» Work item
Nothing should appear in the answer except the lines below from the line containing "Jiahuade 2 Stück" through the line containing "Makramee Armband Unendlichkeit", copied exactly, with pictures left out.

» Supplied entries

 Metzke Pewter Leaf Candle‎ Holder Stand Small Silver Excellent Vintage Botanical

==

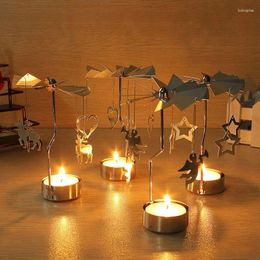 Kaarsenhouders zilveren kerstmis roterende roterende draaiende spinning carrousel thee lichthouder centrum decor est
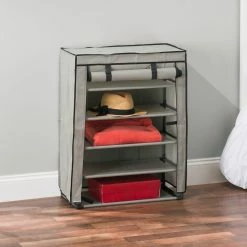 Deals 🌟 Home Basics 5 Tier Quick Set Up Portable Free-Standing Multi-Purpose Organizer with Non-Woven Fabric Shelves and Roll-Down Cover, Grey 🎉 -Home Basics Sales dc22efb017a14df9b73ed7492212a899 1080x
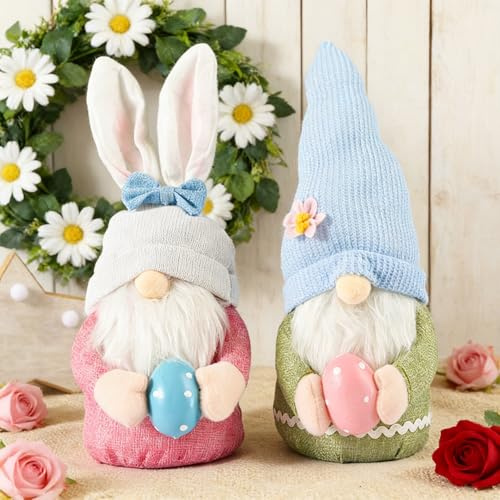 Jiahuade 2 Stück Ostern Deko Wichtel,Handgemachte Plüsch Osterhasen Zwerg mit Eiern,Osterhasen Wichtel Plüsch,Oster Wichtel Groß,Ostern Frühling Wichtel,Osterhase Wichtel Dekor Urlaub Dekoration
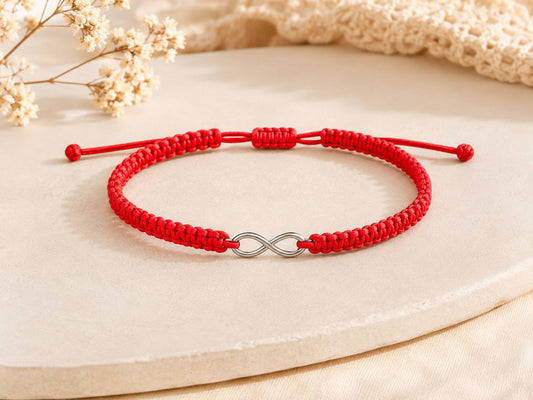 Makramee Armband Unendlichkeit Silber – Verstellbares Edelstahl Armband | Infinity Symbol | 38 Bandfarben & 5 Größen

==

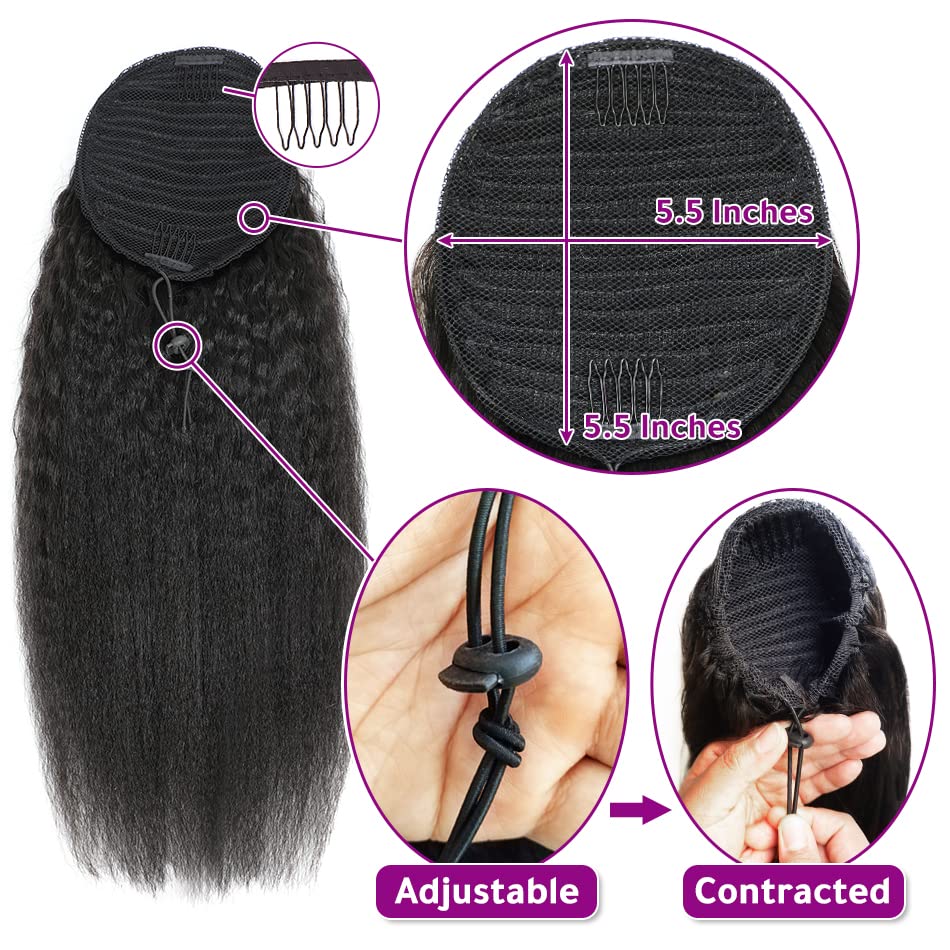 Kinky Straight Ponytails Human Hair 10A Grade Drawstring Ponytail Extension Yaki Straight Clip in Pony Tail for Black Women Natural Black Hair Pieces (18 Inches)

» Task solution
 Jiahuade 2 Stück Ostern Deko Wichtel,Handgemachte Plüsch Osterhasen Zwerg mit Eiern,Osterhasen Wichtel Plüsch,Oster Wichtel Groß,Ostern Frühling Wichtel,Osterhase Wichtel Dekor Urlaub Dekoration
 Makramee Armband Unendlichkeit Silber – Verstellbares Edelstahl Armband | Infinity Symbol | 38 Bandfarben & 5 Größen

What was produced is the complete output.